Museum Director James Pearson of the  Southeast Museum of Photography has created a significant exhibition focused on the most important issue of our time. This is Climate Change features the projects of three photographers: Kirk Crippens, Sharon Harper, and Benjamin Dimmitt and it runs through October 26, 2019 with a Reception, including a panel talk by the photographers and a book signing by Kirk Crippens: October 3, 2019 5:00 PM. The fascinating perspective taken by the Director is to explore climate change not as a primary element of the composition, but as a now inescapable feature of landscape photography.
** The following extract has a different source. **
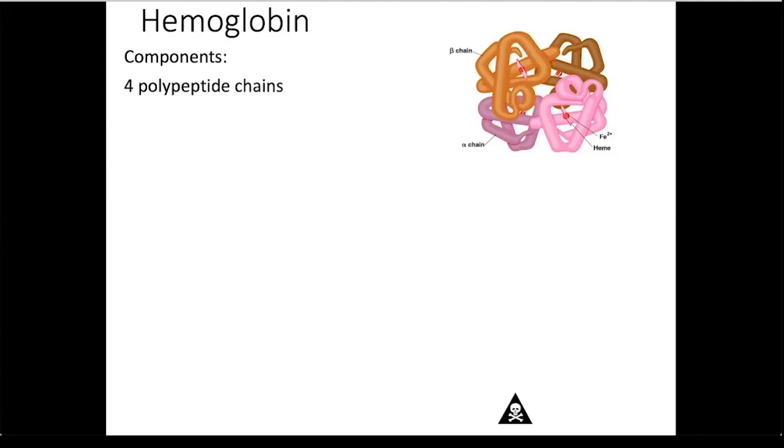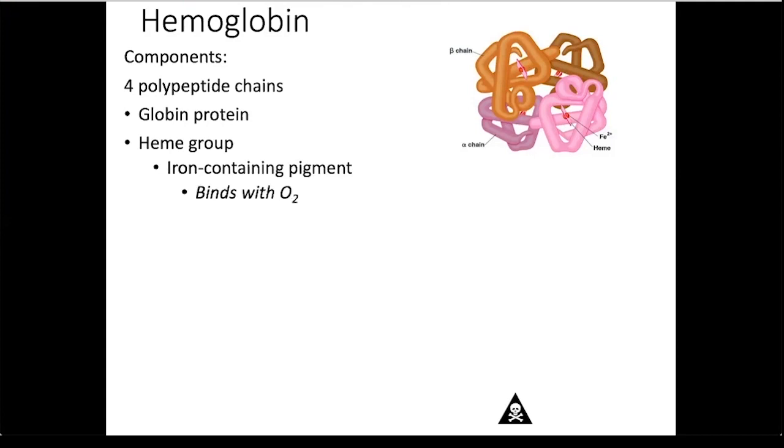Each polypeptide chain has two components: a globin protein, which is made up of amino acids, and a heme group, which contains an iron. The iron is what binds with oxygen. In this illustration, the heme is the square and the iron is the red ball.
The narrative surrounding climate change, contemporary society’s most pervasive topic, has been wildly manipulated. In the face of near unanimous backing by the scientific community, individuals, groups, and entire industries doubt or outright denounce the relationship between human-driven carbon emissions and the negative impact of carbon emissions on environments across the globe. In response to the near unanimous backing by the scientific community on the causes of global climate change, individuals, groups, governments, and entire industries have instituted real change in energy production and usage. From radical environmentalists and reactionary politicians, to grassroots activists and corporate marketing firms, the concept of climate change has been weaponized, demonized, monetized, and sensationalized; climate change has either been adopted, evaded, or manipulated to fit some agenda somewhere.

This is Climate Change, a photography exhibition curated and developed by the Southeast Museum of Photography, aims to reveal the physical effects of climate change through landscape photography with a fine art emphasis. Taking this approach, the exhibition aims to deliver the dramatic effect of climate change through subtlety, through studied and composed imagery, free of sensationalism, free of emotional or data manipulation. The exhibit aims to deliver clear examples of the irreversible deterioration of the landscape free from overt or obvious pollutants, free from vilification.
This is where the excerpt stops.